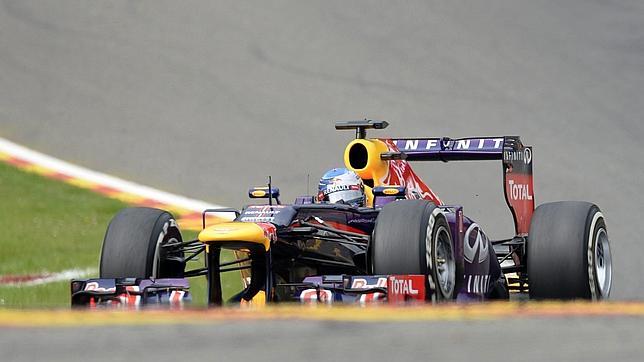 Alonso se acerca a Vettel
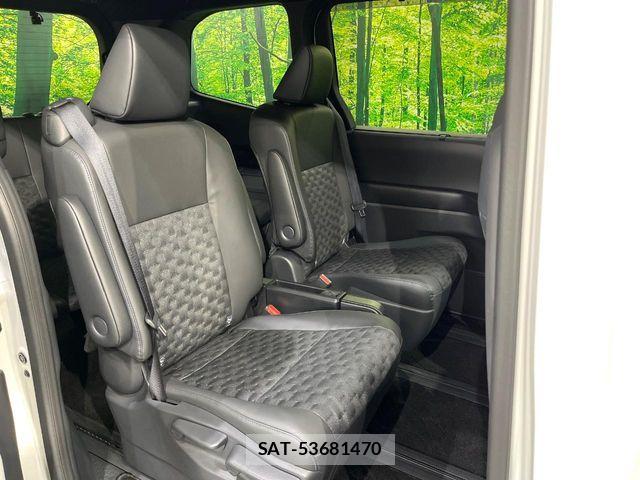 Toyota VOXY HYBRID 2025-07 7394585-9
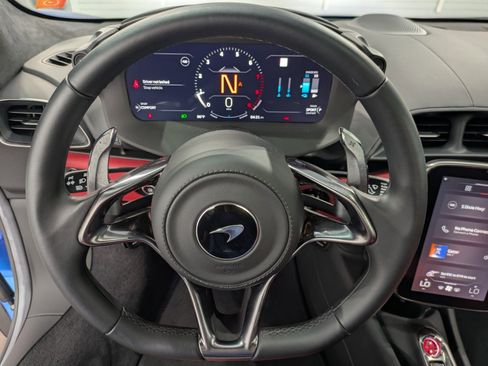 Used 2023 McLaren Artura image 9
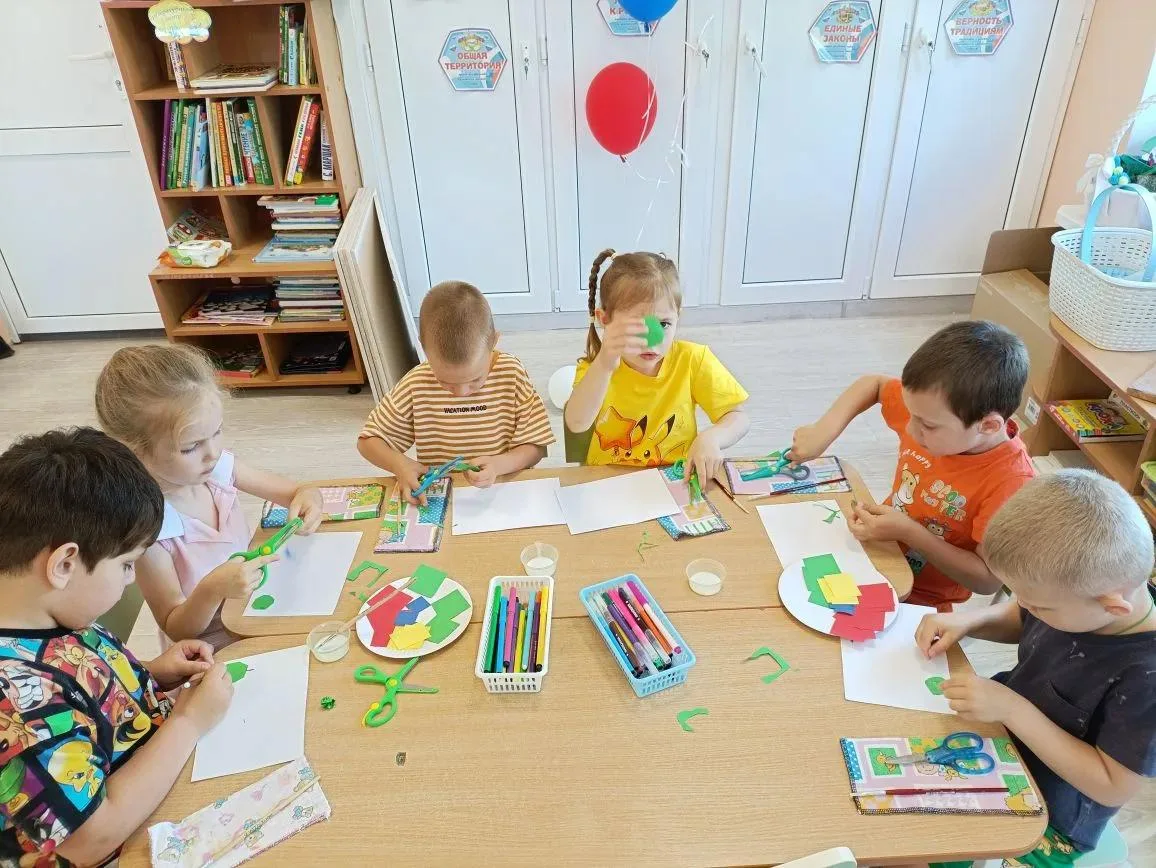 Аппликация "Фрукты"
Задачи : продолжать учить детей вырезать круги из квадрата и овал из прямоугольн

* * *

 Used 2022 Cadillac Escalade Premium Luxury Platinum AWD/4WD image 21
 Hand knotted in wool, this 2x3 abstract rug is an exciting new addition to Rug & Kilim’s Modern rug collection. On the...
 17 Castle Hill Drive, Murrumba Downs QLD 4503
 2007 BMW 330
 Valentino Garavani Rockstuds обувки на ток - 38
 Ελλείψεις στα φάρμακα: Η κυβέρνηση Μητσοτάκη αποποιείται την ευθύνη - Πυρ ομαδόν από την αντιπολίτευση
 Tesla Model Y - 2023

* Task requirements
From the records above, copy out the line with "Hand knotted in", the line with "Tesla Model Y - 2023", and every line between them, word for word.

* Result of the task
 Hand knotted in wool, this 2x3 abstract rug is an exciting new addition to Rug & Kilim’s Modern rug collection. On the...
 17 Castle Hill Drive, Murrumba Downs QLD 4503
 2007 BMW 330
 Valentino Garavani Rockstuds обувки на ток - 38
 Ελλείψεις στα φάρμακα: Η κυβέρνηση Μητσοτάκη αποποιείται την ευθύνη - Πυρ ομαδόν από την αντιπολίτευση
 Tesla Model Y - 2023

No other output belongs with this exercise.